Moldy Thursday Double Feature

Horror Express (1973)

So Horror Express is a Spanish/UK co-production set in 1906 and starring Peter Cushing and Christopher Lee, with a special appearance by Telly Savalas as a crazy Cossack. It features a Rasputin-like Russian monk, a frozen (then de-thawed) missing link, a space parasite that's lived on earth since life began developing in the ooze, and, eventually, some zombies.

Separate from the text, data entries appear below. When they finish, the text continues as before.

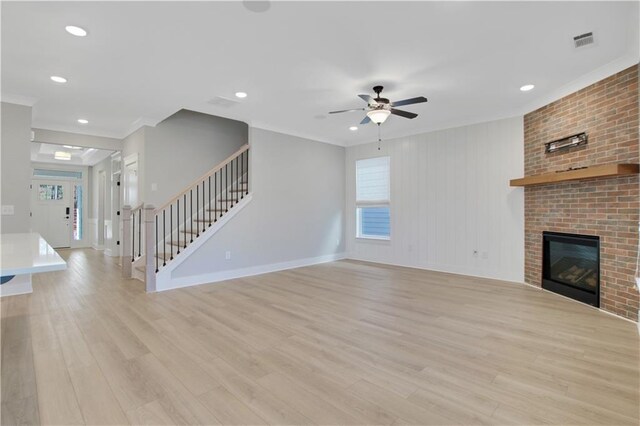kitchen featuring a sink, light wood-type flooring, ceiling fan, gray cabinets, and dishwasher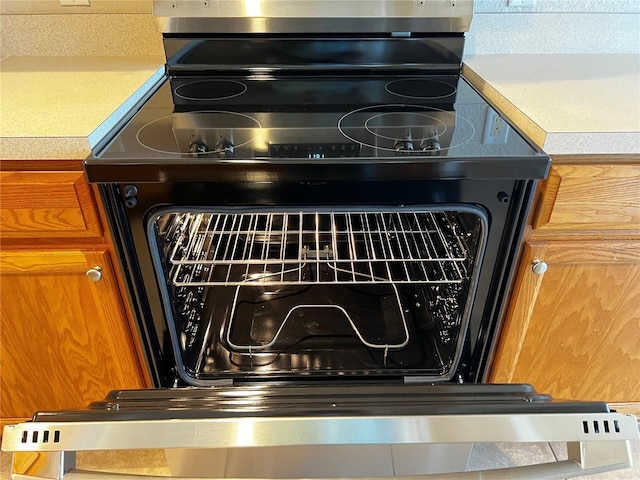 room details with brown cabinetry, light countertops, and range with electric stovetop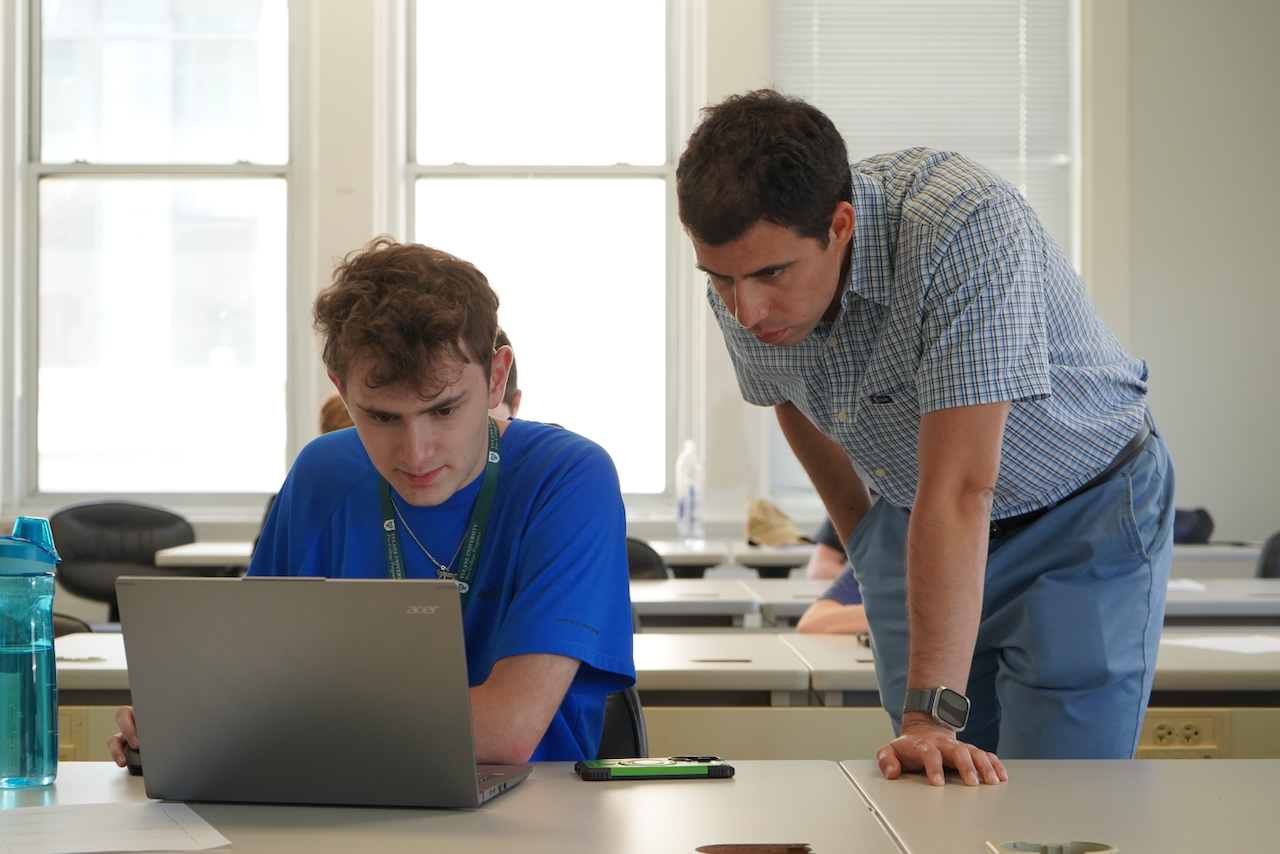 A photograph of a teacher helping a student on a laptop in a classroom.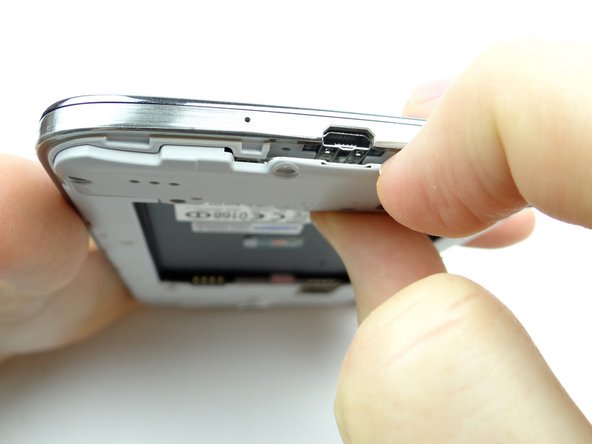 Pull the loudspeaker assembly away from the phone starting near the charging port.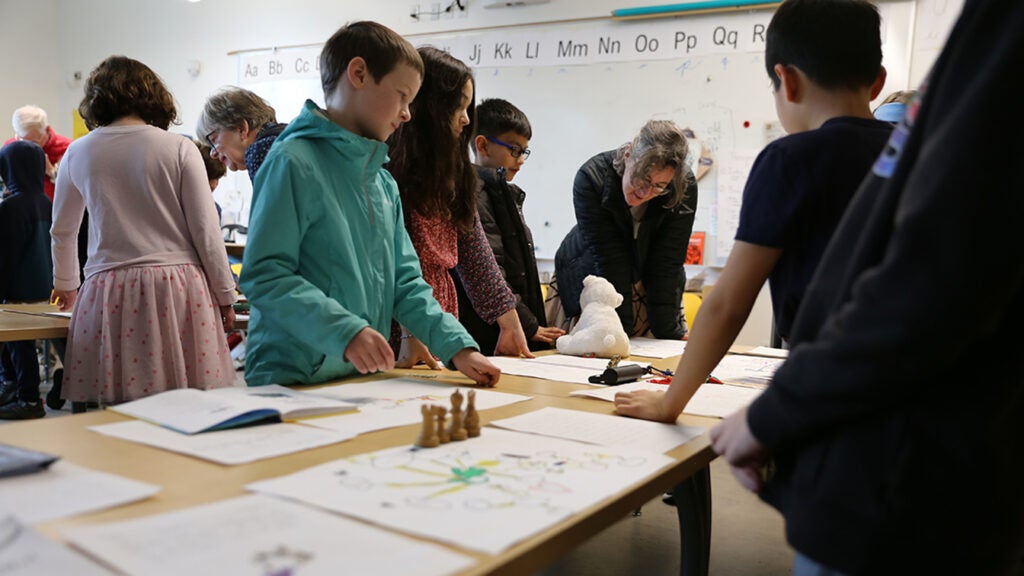 Students and elders stand around desks covered in artifacts, discuss objects.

It sounds like a lot more fun than it is, although it does have it's moments. There are quite a few goofy-ass moments as well. Especially one involving the zombie Yeti's eye. You see, Cushing and Lee discover that by drawing out drops of eye juice (after the creature has been "killed") and putting them on a microscope slide, they can see the images that the creature has seen; this includes his last few moments alive, a brontosaurus and a pterodactyl, and finally, earth from outer space. This is how they figure out that they're dealing with an alien organism.

Oh, and it all takes place on a train bound from somewhere in China to Moscow.

It's not great, or even all that good, but is worth at least a viewing. My favorite part has to be Telly Savalas ranting some nonsense that I'm sure sounded good to him at the time, and then Christopher Lee's character saying "What is this nonsense?" Was he in character or critiquing Telly's performance? We may never know.

Blue Sunshine (1976)

Well, there really aren't any zombies in this at all. There are, on the other hand, a bunch of bald psychopaths who are suffering from chromosomal damage and anger management issues thanks to a batch of acid they all took back in 67 or so. This was a cool little film by the director of the recent Satan's Little Helper (which is really more entertaining and which I would recommend over this one), Jeff Lieberman. This wasn't bad, but there were no zombies. But after years of hearing about his film, it was nice to actually see it.

If only there had been some zombies. Or even one walking corpse. It wouldn't have had to eat anyone or anything. Oh well. What it does have is a starring performance by Zalman King, the future maestro of erotic pay TV.

1 comment:

  1. I have bad memories of Horror Express. But very good memories of Blue Sunshine. I had no idea the same director did Satan's Little Helper. Thank you for the knowledge, mysterious internet personality!